La dernière fois, en discutant avec la petite soeur de mon pote, mes 23-ans-bientôt-24 me sont revenus en pleine gueule. Il faut dire que je pense encore naïvement être au fait de l’habitus des 12-15 ans, mais la réalité, c’est que j’y comprends de moins en moins de trucs. La petite soeur de mon pote (coucou petite tête, comme promis je ne te cite pas « pour pas que tu te tapes la honte » mais tu te reconnaîtras, je sais que tu me lis) me contait une sombre histoire de « situation abusée » où « sa meilleure srabinette » avait dû « galocher un pecno » parce qu’il lui avait « payé un monaco » dans le PMU en face du collège. Je lui ai donc dit…
– Mais elle était pas obligée ! – Bah si, ça aurait été chaud sinon. – (l’air inquisiteur) Pourquoi ? il lui avait pas dit « un verre en échange d’une galoche », quand même ? – (blasée) Bah non mais bon. c’était pour être polie. – (effarée) « merci » ça aurait suffi, non ? – Ouais mais elle avait pas demandé à avoir un monaco. – Et pourquoi elle l’a bu alors ? Il ne l’y a pas obligé, j’espère ? – Bah elle était stressée avant son exposé, elle aime pas parler devant tout le monde, et tout. Donc elle voulait boire un peu. – Ah. OK.
Cette discussion (dont je ne vous ai livré qu’un extrait) m’a d’abord semblé illogique, mais après mûre réflexion, je crois que le mot n’est pas « illogique » mais juste « conforme à une logique qui me dépasse ».
Pour me sentir moins à l’ouest, j’ai donc essayé de me souvenir des terminologies que j’utilisais, et que les jeunes d’aujourd’hui utilisent encore. Un peu pour me rassurer et me dire que nos jeunesses ne sont pas si différentes. Voilà l’objet de ce papier : ces phrases que tu ne prononces plus depuis 10 ans. Laissez-moi faire s’il-vous-plaît, ça me fait du bien.

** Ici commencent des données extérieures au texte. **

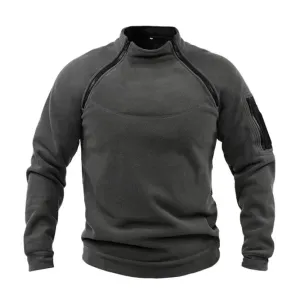 Funki Buys | Sweaters | Men's Stand Collar Mock Neck Pullovers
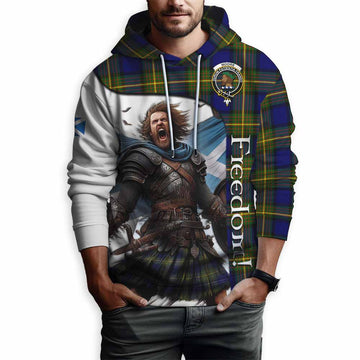 Moore Crest Tartan Hoodie Inspired by the Freedom of Scottish Warrior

« Mon intercalaire est cassé »
Des intercalaires en carton (moi j’étais plus team intercalaires en plastique) (bourgeoisie, tout ça)
Intercalaire, quoi ! Ce mot que tu ne prononces plus jamais après le bac. Même en classe prépa où organisation et persévérance sont les maîtres mots de ta scolarité, plus personne ne se ramène en classe avec des intercalaires. Bravo la jeunesse. Il nous aura fallu 10 ans avant de comprendre que les feuilles volantes, c’est bien plus léger qu’un classeur tout entier – et ce, quitte à tout ranger ensemble une fois la maison. Sérieusement, intercalaire, quoi. Le mot qui te fait penser à un os chelou.
– Zut, Mathieu s’est cassé l’intercalaire sur une piste noire.. – Oh non l’intercalaire, quoi !
Parlez-moi des oeillets, tant que vous y êtes. L’élément de tes fournitures scolaires qui ressemble le plus à des pansements.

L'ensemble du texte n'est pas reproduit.